Ich habe gerade einen Kunden, der wünscht, dass auf den Visitenkarten unter dem Namen nicht "Geschäftsführer" steht, sondern, da es 2 Geschäftsführer sind soll bei beiden "Geschäftsleitung" stehen. Ist das normal? Ich kenne das nur so, dass auf der Visi immer die genaue Position steht, z.B. "Geschäftsführer, Art Director, Sales Manager" etc und nicht "Geschäftsleitung, Art Direction, Sales Management".

Bitte um eure fachmännische Hilfe. Danke im Vorraus.


----------



## ShadowMan (9. November 2004)

Hi!

Kurze Antwort: Wenn es der Kunde so wünscht würde ich es so machen.

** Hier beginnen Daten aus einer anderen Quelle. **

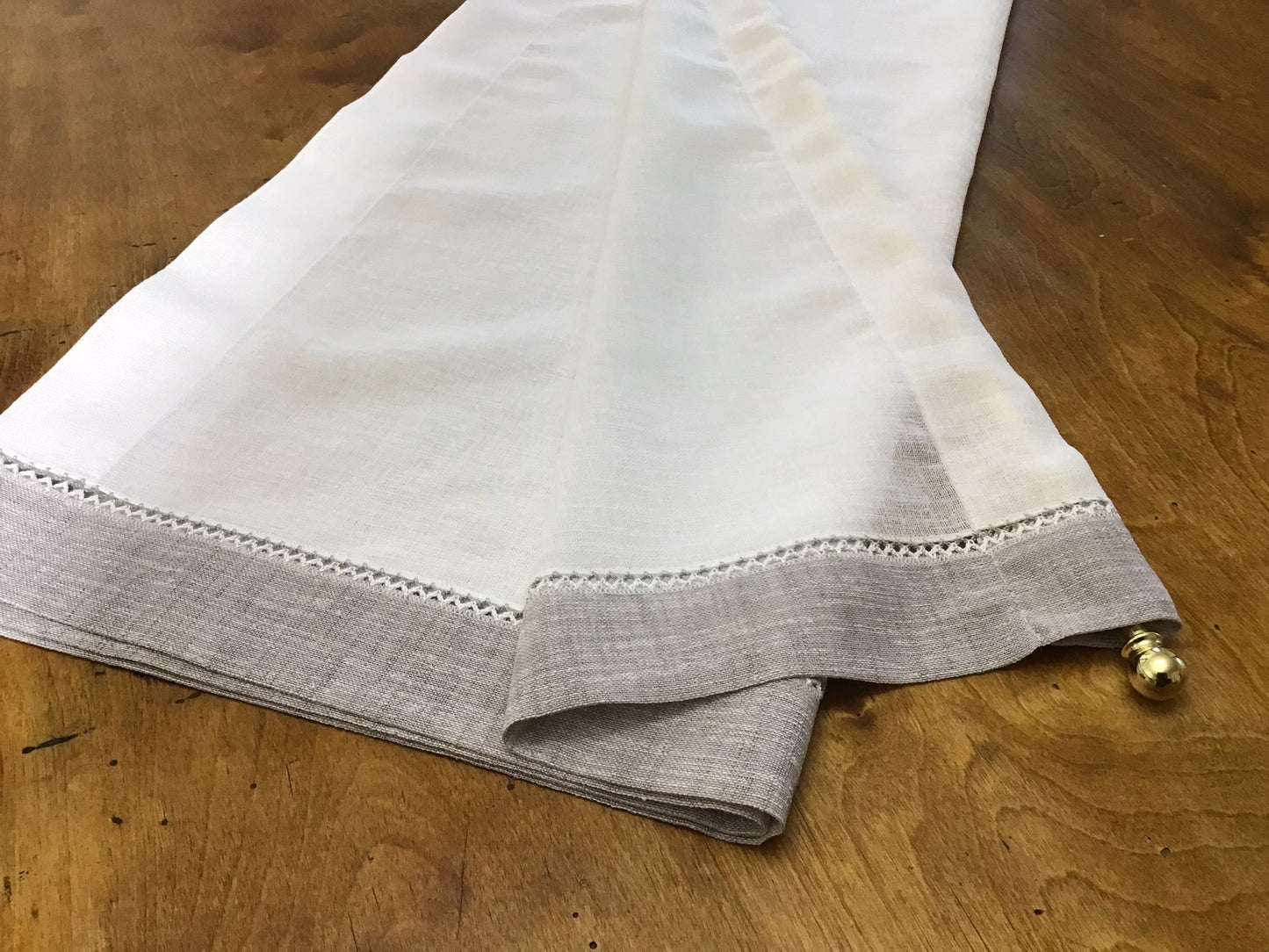 Voilage vitrage – passe-tringle – sur mesure de 30 à 90 - longueur sur mesure, tissu effet lin blanc avec bordure latérale grise, longueur sur mesure art.601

Jeder ist da anders und wenn es ihm genügt das nur der Oberbegriff dort steht ist es auch in Ordnung.
Ich denke nicht das es zwingend nötig ist dort die genaue Position zu vermerken, vor allem wenn eine Position doppelt besetzt ist.

Lieben Gruß,
Manuel ;-]


----------



## Mway-Tuning (9. November 2004)

Kann mich Shadowman nur anschliessen !


----------



## tool (9. November 2004)

Auf meiner Geschäfts-Visitenkarte steht auch nur "Grafik" und nicht "Grafik-Designerin" - folglich reicht das doch völlig aus.


----------



## shithead (9. November 2004)

*Re: "Geschäftsleitung" statt "Geschäftsführer" auf Visi bei mehr als einem Geschäftsf*



			
				tool hat gesagt.:
			
		

> Auf meiner Geschäfts-Visitenkarte steht auch nur "Grafik" und nicht "Grafik-Designerin" - folglich reicht das doch völlig aus.



grafik-designer dürftest du auch nur drauf schreiben, wenn du das wirklich wärst, also ein studierter grafik designer. sonst könntest du erfolgreich abgemahnt werden 

und danke für eure hilfe


----------